Ein paar Fakten vorne weg, es klingt in dem Interview ja schon an, aber nicht dass einer der Interviewer da näher drauf eingehen würde:
Greg LeMond hat sich im Jahre 2001, nach Armstrongs 3. Toursieg das erste Mal in der Öffentlichkeit negativ über Armstrong geäußert. Es ging damals in der Tat um den Doktor Ferrari. LeMond wurde aber in einem anderen Interview in amerikanischen Medien gefragt, ob sein Stolz nicht vielleicht auch etwas verletzt sei, da er nun nicht mehr der Amerikaner mit den meisten Toursiegen ist, sondern Armstrong mit ihm gleich gezogen ist und ein Ende von Armstrongs Siegesserie nicht absehbar war.
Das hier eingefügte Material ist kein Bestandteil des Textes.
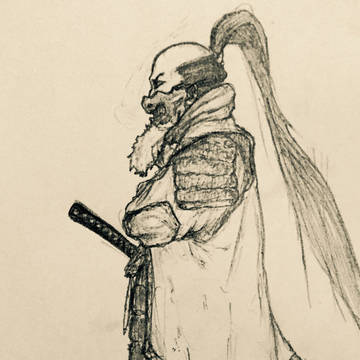 武将@ロン毛
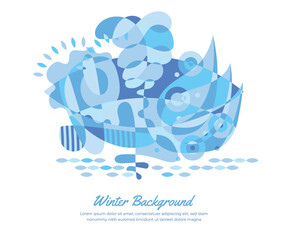 Blue Winter Abstract Background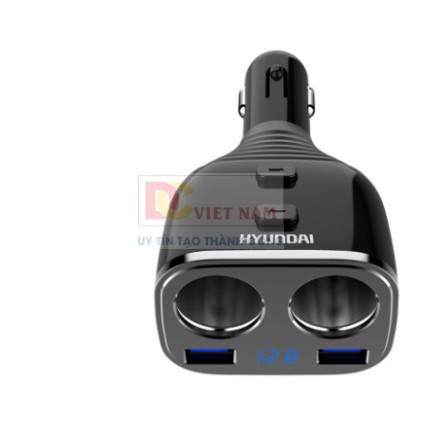 Sản Phẩm Bộ chia tẩu sạc cao cấp trên ô tô, thương hiệu Hyundai HY-16 - Hàng cao cấp .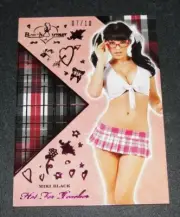 2018 Benchwarmer MIKI BLACK Hot For Teacher #57 Pink/10 Playboy TRASHY Lingerie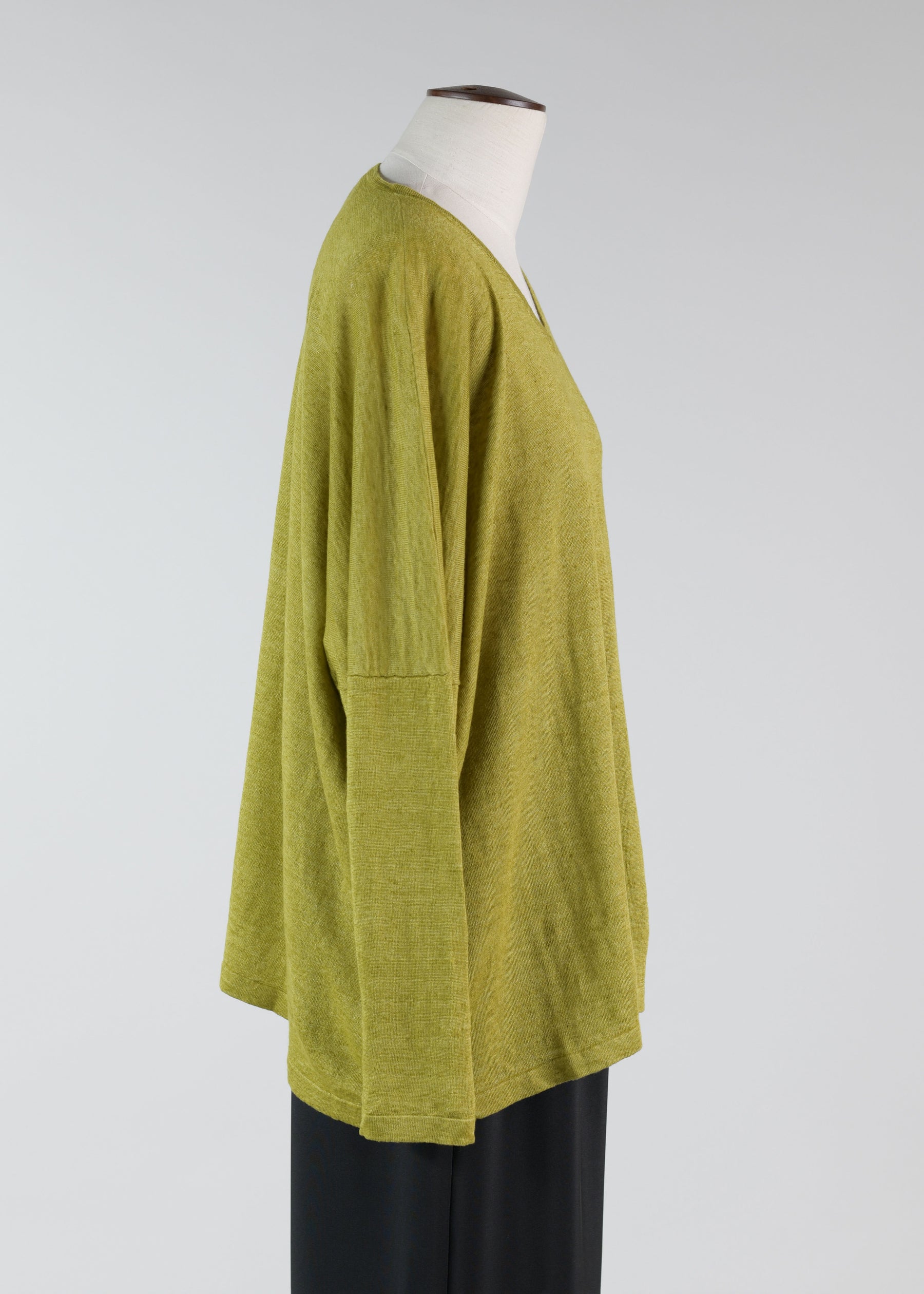 linen v neck - long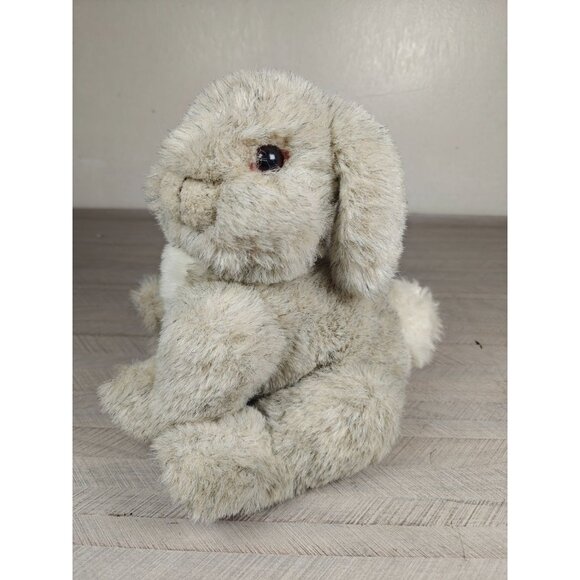 Vintage Gund Jointed Plush Bunny Easter Rabbit Beige Floppy Ears Soft Cuddly - Picture 10 of 10
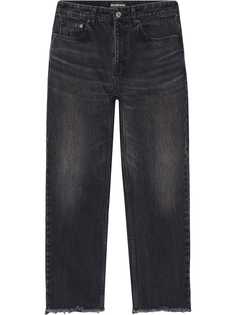 Balenciaga узкие джинсы с необработанными краями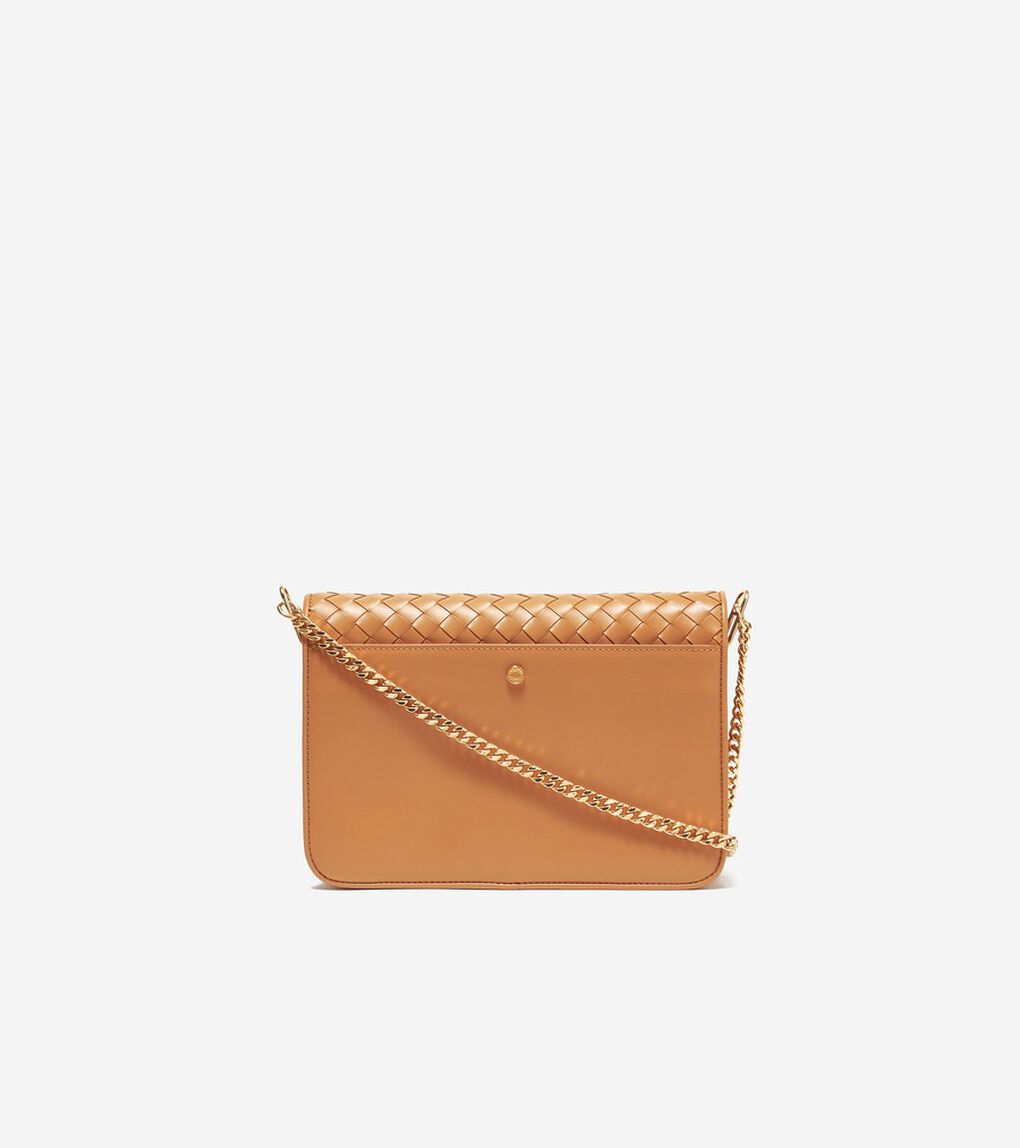 ウォーブン レザー クロスボディ womens.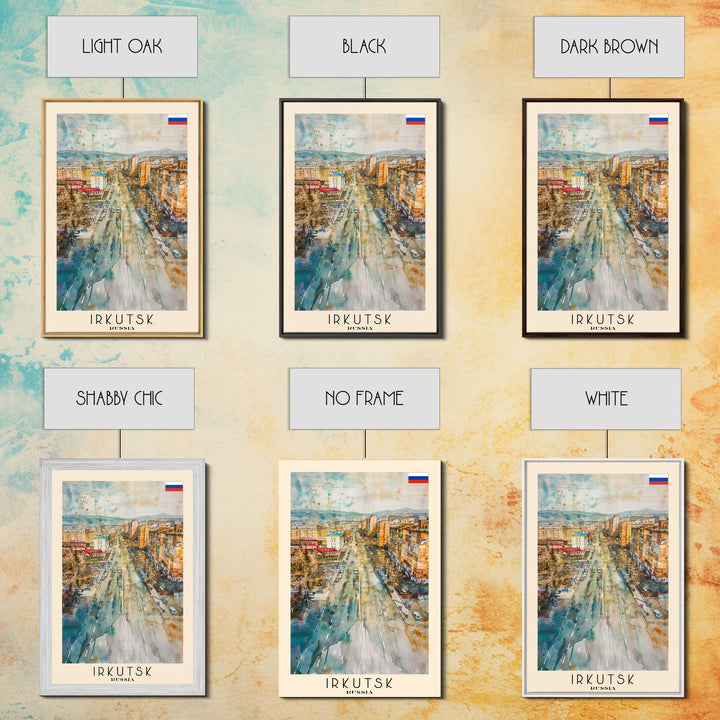 Irkutsk Russia Urban Cityscape Art Print, Stunning Canvas Print for Home Decor, Travel Poster for Living Room Wall Art, Russian City View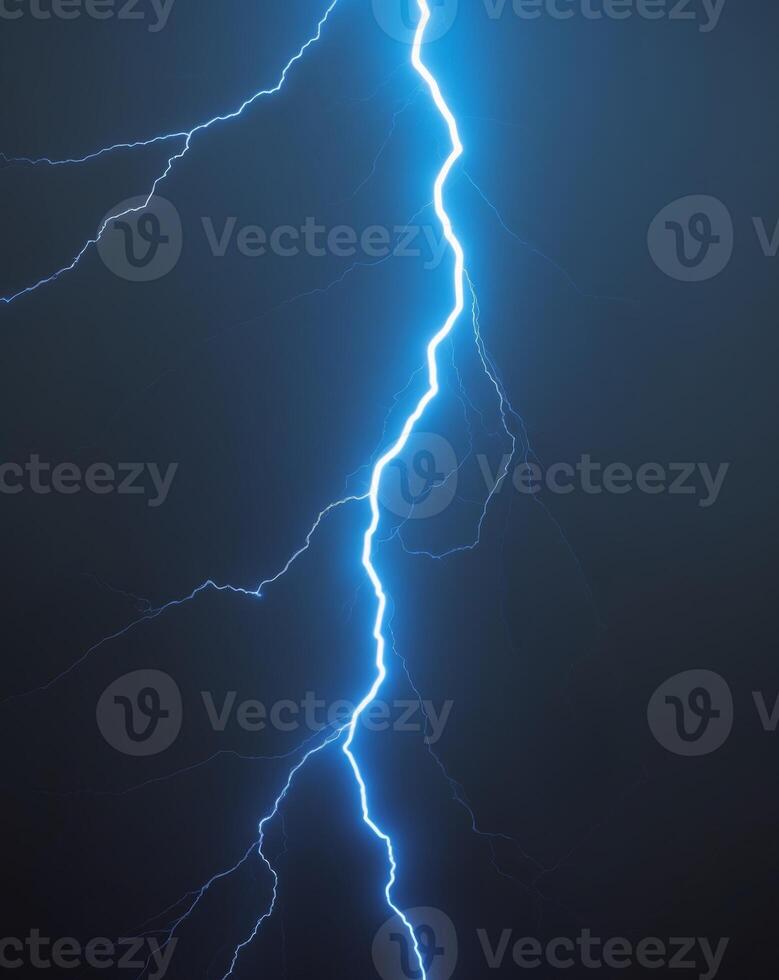 Lightning bolt on dark background photo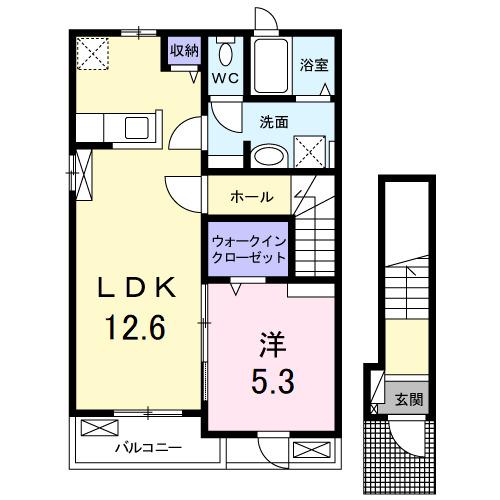 シーズンテラス太子（201） 間取り図画像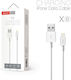 Tranyoo X8 USB-A zu Lightning Kabel Weiß 1m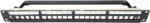 NIKOMAX Patch panel STP, Keystone, Üres, 24 portos, 1U NMC-RP24S-BLANK-ST-1U-BK (NMC-RP24S-BLANK-ST-1U-BK)
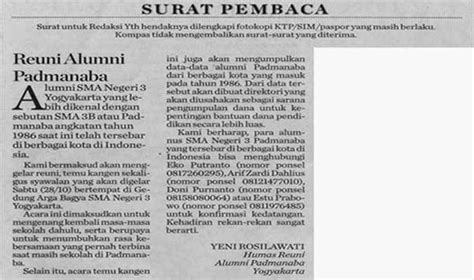 Surat Pembaca Pengertian Ciri Dan Contohnya Haloedukasi Com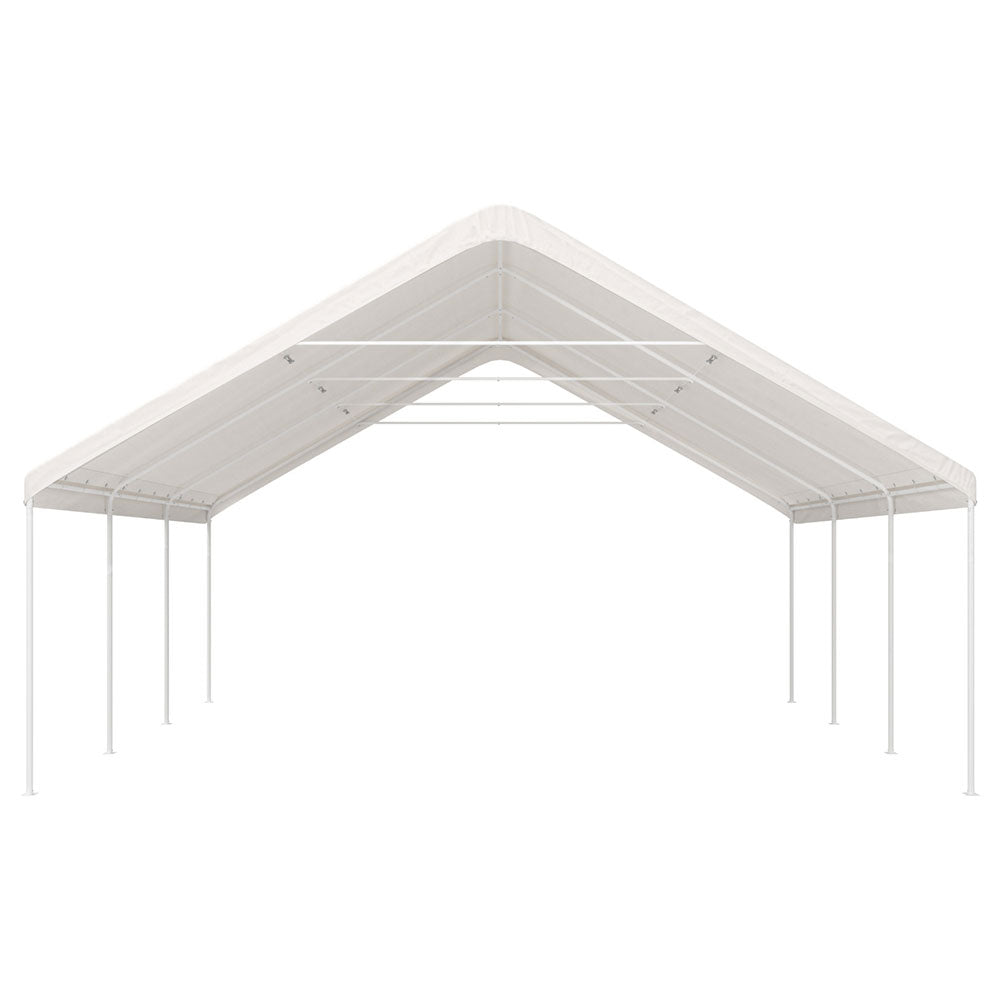 Instahut Carports 6x6m Carport Kits Steel Shelter Gazebo Canopy Garage Portable Garden Shed 4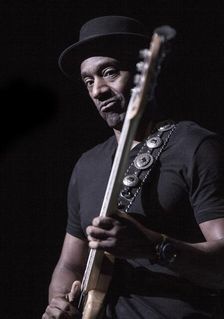 Marcus Miller, 2017. Artist: Alan John Ainsworth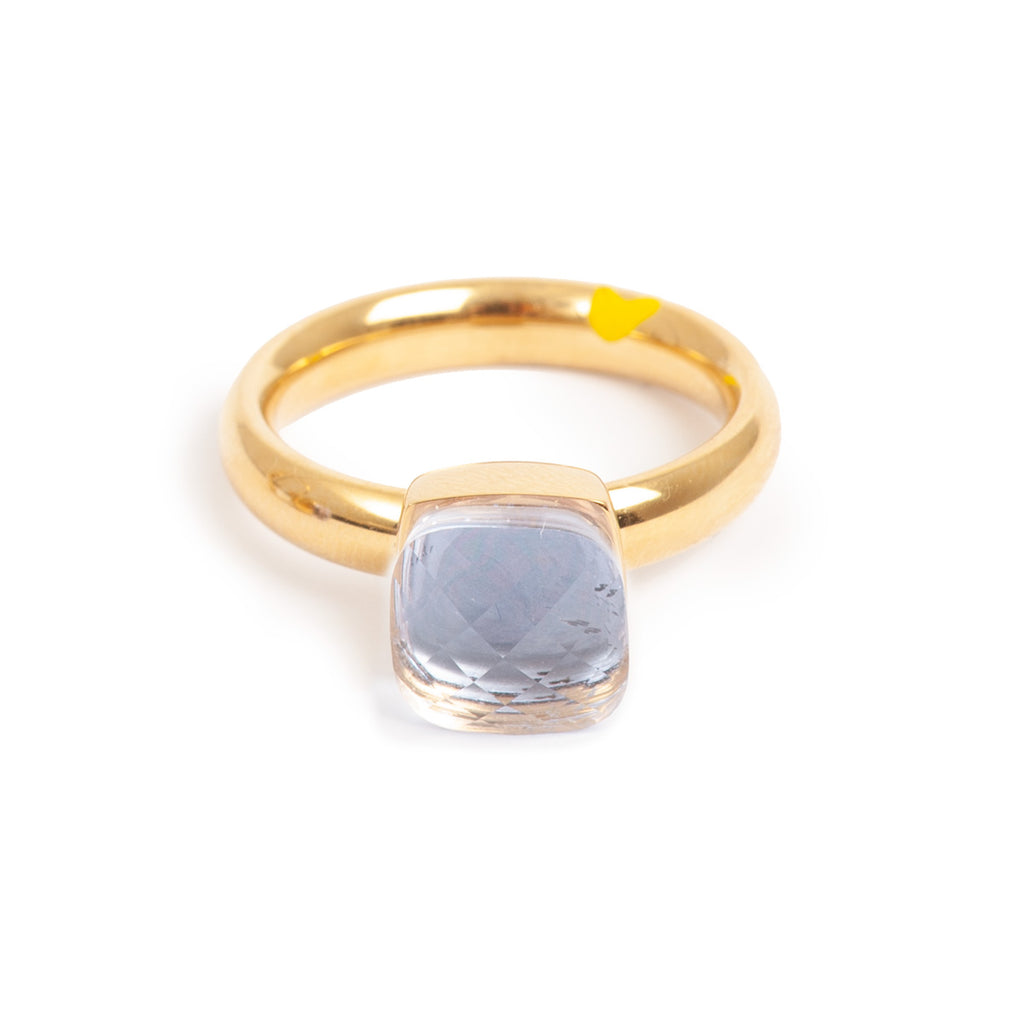 Ring, Steel Glass, Violet G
Darauf antwortete LeMond, dass es für ihn nicht einfach ist das mitanzusehen, weil er durchaus auch noch ein paar weitere Toursiege in den Beinen gehabt hätte. Davon kann man nun halten, was man will, aber LeMond ist keineswegs ein unabhängiger Experte. Nachdem (nicht bevor!) Armstrong seine 3. Tour gewann, fing LeMond an, sich negativ über Armstrong zu äußern. Daraufhin hat LeMond tatsächlich alles verloren, besonders seine Marke, die nicht mehr bei Trek vertrieben wurde (der Grund ist aber auch ganz simpel derjenige, dass Trek das damalige Team US-Postal sponsorte. Armstrong persönlich hatte damals noch keinen Werbevertrag mit Trek, wie im Interview suggeriert wird, er fuhr für ein Team, das von Trek ausgerüstet wurde. Also da braucht LeMond sich nicht wundern, wenn er gegen das Aushängeschild eines Teams giftet und sich der Werbepartner dieses Teams dann von LeMond trennt).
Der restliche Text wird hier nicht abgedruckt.